Früher war es in, sein Auto tiefer zu legen. Heute kommt es anscheinend in Mode, seine Stadt höher zu legen. Staufen im Breisgau hat es vorgemacht: Man nehme einen großen Bohrer, treibe ihn durch geologisch hierfür nicht geeignete Schichten unter der Innenstadt und warte ab, bis sich die Erde hebt. Einige Häuser sind seitdem einsturzgefährdet, andere sind unbewohnbar und müssen wohl abgerissen werden, Dutzende sind in unterschiedlichem Maße beschädigt. Staufen hat jetzt eine „Akropolis“ (griech. akros „hoch“ und polis „Stadt“). Wir gratulieren herzlich!

Auch kommt es vor, dass Bohrungen für die Installation von Tiefengeothermie kleine Erdbeben auslösen. In diesen Gebieten wird der Martini dann nicht mehr gerührt, sondern geschüttelt angeboten. Keine große Affäre! Wirklich? Für jede neue Technik, die eingeführt wird, muss man Lehrgeld bezahlen. Mag sein, muss aber nicht sein. Haben etwa die Amerikaner ihre Atombombe hinter dem Rathaus von New York City ausprobiert? Nein! Stimmt, der Vergleich hinkt, macht die Sache aber anschaulich.

Gerade im Öko-Vorzeige-Ländle Baden-Württemberg haben die Stadtverordneten vor lauter Eurozeichen in den Augen die Gefahren nicht gesehen oder nicht sehen wollen. Die Erfinder des Kupferdrahts1) wollten ihr Umwelt­bewusstsein unter Beweis stellen. Daher übernimmt das schwäbische Umweltministerium die Schirmherrschaft über den jährlichen Geothermie-Kongress in Offenburg. Was wohl das Städtebau-Ministerium dazu zu sagen hat? Sehen wir es positiv, denn in jeder schlechten Sache steckt ein guter Kern: Ein Abriss von Häusern in der Innenstadt (prädestiniert wären beispielsweise die Stadtkerne von Pforzheim oder Mannheim) schafft stadtplanerische Chancen. Außerdem braucht man zum Verfüllen der unterirdischen Hohlräume jede Menge Beton, der oberirdisch dann fehlt. Zusätzlich lassen sich normalerweise für höher gelegte Stadtviertel am Immobilienmarkt bessere Preise erzielen, da Übersichtslagen in den meisten Städten begehrter sind als niedrigere gelegene.

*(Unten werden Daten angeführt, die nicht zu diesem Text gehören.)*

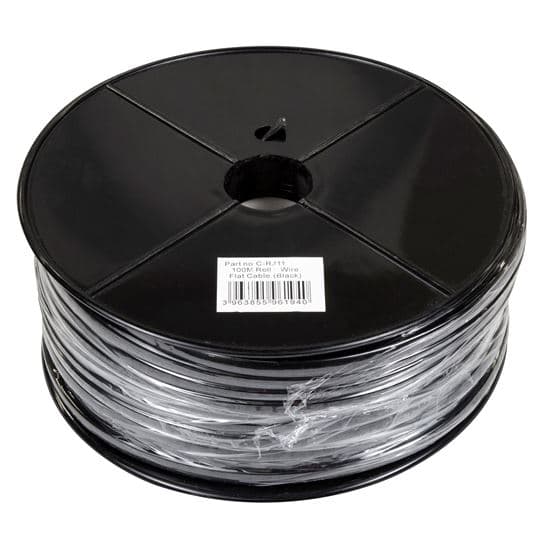 Dynamix DYNAMIX 100m Roll 6-Wire Flat Cable 28 AWG, Black colour C-RJ11-R102
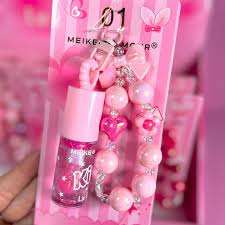 Pink Glossy Lip Gloss Hydrating Lip Oil Moisturizer Long Lasting Shine Non Sticky Lip Makeup with Decorative Keychain Cute Gift for Girls view 4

Auch in Bayern sind derzeit Tiefengeothermieprojekte „en vogue“. Rund um München herrscht Goldgräberstimmung und die Bürgermeister von Münchener Landkreisgemeinden kaufen Tiefen-Bohr-Rechte wie einst die Goldsucher in Alaska. Der grüne Unsinn treibt die Preise hoch und der Prestigewunsch des Bürgermeisters geht über alle betriebs- und volkswirtschaftliche Vernunft hinaus. Zugegeben ist jede Kilowattstunde, die aus Tiefen-Geothermie stammt, ein Gewinn für die Umwelt. Man darf andererseits aber auch nicht verschleiern, dass groß-dimen­sionierte Spitzenlastkessel, die überwiegend Öl oder Gas verfeuern, bereitgehalten werden müssen und im Winter praktisch fortwährend in Betrieb sind. So grün ist Tiefen-Geothermie doch nicht! Außerdem begibt sich der Endkunde in die Klauen der Geothermie-Gesellschaft, die die Preise nach Gutdünken festlegen kann. Im Aufsichtsrat dieser Gesellschaften sitzen dann wieder die Gemeinderäte, die mit den Gewinnen der Geothermie stark defizitäre Eigenbetriebe der Gemeinden subventionieren. Das ist dann wie Steuern zahlen über die Wärmerechnung – nur mit einem etwas besseren grünen Gewissen. Leidtragende sind vor allem ortsansässige Handwerksbetriebe, denen durch die Geothermie ein Haufen Kunden verloren gehen. Die Gewerbesteuern kassieren die Gemeinden perverserweise trotz der Konkurrenz zu den Handwerksbetrieben. Mit Ausbildungsbetrieben schmückt sich jeder Bürgermeister gerne. Aber an die Existenzgrundlagen ihrer mittelständischen Betriebe legen sie die Geothermie-Axt. Wir haben die Ineffizienz öffentlicher Institutionen (Bahn, Post, Telekom etc.) erlebt. Jetzt bauen wir erneut solche Strukturen auf, streichen sie grün an und fühlen uns gut dabei! Zum Schluss sei festgestellt, dass wir Deutschen das Weltklima nicht alleine retten können. Wir können nur einen Beitrag leisten. Beträge müssen erwirtschaftet werden. Bürger, die keine Arbeit, Jugendliche, die keine Ausbildung und Betriebe, die keine Aufträge haben, zahlen keine Steuern! Aber wen störts, wenn man doch auf einem neuen Berg leben kann und die Sache von oben gar nicht so schlimm aussieht?!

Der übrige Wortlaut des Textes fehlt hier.